For the 31 other states, the Hatch-Upton report uses estimates produced by the states themselves.  A number of them assume Medicaid participation rates that are well above what any state has ever experienced; those for California, Florida, Mississippi, Indiana, and Nebraska, for example, assume that literally everyone who becomes eligible will enroll.

Some other state estimates overstate the per-person cost of covering newly enrolled Medicaid beneficiaries.  In a few cases, the estimate is well above what the Urban Institute — using the state’s own data — claims it costs the state to cover its current Medicaid population.

And some of the state estimates include costs not required under the Affordable Care Act, such as the cost of raising Medicaid’s payment rates for primary care to Medicare levels after 2014.

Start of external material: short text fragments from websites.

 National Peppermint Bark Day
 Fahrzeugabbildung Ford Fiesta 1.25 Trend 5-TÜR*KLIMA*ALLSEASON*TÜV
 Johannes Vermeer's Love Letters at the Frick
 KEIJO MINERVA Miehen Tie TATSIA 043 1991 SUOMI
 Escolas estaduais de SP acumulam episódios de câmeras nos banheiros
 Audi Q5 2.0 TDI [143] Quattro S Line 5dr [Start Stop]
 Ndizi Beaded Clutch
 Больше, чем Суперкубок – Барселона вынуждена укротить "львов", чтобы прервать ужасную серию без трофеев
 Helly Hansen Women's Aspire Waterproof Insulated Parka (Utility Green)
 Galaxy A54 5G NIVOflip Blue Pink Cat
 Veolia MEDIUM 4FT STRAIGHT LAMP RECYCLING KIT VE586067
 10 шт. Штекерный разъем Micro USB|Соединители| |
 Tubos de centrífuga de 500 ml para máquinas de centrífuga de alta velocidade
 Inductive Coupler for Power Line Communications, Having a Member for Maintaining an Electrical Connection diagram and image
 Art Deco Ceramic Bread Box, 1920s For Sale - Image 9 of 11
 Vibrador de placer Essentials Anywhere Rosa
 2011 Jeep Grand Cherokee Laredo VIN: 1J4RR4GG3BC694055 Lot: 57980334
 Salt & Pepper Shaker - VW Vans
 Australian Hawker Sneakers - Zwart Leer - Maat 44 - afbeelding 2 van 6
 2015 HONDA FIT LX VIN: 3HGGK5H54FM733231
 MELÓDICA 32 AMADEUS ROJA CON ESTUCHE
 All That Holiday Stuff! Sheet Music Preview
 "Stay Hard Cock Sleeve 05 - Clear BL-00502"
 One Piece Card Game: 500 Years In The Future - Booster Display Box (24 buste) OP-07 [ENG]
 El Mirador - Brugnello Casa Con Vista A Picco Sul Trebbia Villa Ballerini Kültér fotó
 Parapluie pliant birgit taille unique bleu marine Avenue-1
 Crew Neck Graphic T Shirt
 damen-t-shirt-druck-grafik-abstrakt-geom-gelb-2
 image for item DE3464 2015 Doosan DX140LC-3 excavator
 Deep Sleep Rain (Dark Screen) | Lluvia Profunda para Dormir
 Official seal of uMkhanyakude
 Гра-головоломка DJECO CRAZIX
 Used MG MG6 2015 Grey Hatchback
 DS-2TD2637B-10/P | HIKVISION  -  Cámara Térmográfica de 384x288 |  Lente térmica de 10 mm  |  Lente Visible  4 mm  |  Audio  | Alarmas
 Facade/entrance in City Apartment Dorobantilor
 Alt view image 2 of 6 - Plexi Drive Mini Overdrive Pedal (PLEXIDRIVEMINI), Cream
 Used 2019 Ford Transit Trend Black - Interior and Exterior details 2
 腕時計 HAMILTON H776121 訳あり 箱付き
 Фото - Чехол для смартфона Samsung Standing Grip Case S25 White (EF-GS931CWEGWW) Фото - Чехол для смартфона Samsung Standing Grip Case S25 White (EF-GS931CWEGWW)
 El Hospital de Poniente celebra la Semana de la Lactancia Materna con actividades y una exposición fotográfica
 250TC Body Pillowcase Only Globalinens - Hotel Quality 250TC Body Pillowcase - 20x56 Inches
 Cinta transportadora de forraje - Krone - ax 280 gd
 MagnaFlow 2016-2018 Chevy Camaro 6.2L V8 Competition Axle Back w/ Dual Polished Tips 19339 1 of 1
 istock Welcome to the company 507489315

Finally, none of the studies on which the Hatch-Upton report is based take into account the state savings that will result from health reform’s dramatic reduction in the number of uninsured.  States and localities spend over $10 billion per year on hospital care for the uninsured and around $15 billion a year on mental health programs.  Under health reform, Medicaid will cover many of those services, so the federal government will pick up much of the costs of a number of services for which states now are bearing all of the cost.  In fact, Urban Institute analysts have pointed out that the reductions in state costs in caring for the uninsured could more than offset the state costs of expanding Medicaid.

As I’ve said before, the Medicaid expansion is a good deal for states.  Reports that claim otherwise are simply not credible.